Please print the entries below exactly, from the line with "Image de Sac" through the line with "Armor Black", including both of those lines and leaving out all others.

»»

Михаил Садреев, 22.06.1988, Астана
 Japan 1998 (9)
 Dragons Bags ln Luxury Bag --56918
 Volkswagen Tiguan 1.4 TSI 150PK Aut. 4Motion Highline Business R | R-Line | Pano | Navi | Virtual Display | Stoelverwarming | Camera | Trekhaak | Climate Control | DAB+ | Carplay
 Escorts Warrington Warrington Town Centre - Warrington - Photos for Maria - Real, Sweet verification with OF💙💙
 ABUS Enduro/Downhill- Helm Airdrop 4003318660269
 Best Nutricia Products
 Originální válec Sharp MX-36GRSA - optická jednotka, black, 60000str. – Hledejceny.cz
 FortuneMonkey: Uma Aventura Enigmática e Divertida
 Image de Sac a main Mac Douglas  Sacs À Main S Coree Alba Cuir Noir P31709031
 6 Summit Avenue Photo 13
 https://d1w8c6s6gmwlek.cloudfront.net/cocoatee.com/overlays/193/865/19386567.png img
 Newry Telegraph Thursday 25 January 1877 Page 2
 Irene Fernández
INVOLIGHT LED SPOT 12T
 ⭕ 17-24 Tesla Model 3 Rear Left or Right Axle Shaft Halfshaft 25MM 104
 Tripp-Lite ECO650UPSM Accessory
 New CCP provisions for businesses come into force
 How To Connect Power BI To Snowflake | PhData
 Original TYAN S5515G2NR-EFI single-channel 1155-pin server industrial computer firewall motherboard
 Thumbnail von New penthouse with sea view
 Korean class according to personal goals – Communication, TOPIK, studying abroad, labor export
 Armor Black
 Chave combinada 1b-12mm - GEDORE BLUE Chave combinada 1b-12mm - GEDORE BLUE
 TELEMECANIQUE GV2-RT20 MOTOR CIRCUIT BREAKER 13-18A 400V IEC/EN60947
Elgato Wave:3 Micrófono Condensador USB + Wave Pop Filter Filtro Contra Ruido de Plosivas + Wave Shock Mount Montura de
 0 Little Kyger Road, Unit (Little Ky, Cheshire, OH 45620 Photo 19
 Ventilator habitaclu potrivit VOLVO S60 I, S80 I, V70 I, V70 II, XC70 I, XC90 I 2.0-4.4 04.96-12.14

««

TASK SOLUTION →
 Image de Sac a main Mac Douglas  Sacs À Main S Coree Alba Cuir Noir P31709031
 6 Summit Avenue Photo 13
 https://d1w8c6s6gmwlek.cloudfront.net/cocoatee.com/overlays/193/865/19386567.png img
 Newry Telegraph Thursday 25 January 1877 Page 2
 Irene Fernández
INVOLIGHT LED SPOT 12T
 ⭕ 17-24 Tesla Model 3 Rear Left or Right Axle Shaft Halfshaft 25MM 104
 Tripp-Lite ECO650UPSM Accessory
 New CCP provisions for businesses come into force
 How To Connect Power BI To Snowflake | PhData
 Original TYAN S5515G2NR-EFI single-channel 1155-pin server industrial computer firewall motherboard
 Thumbnail von New penthouse with sea view
 Korean class according to personal goals – Communication, TOPIK, studying abroad, labor export
 Armor Black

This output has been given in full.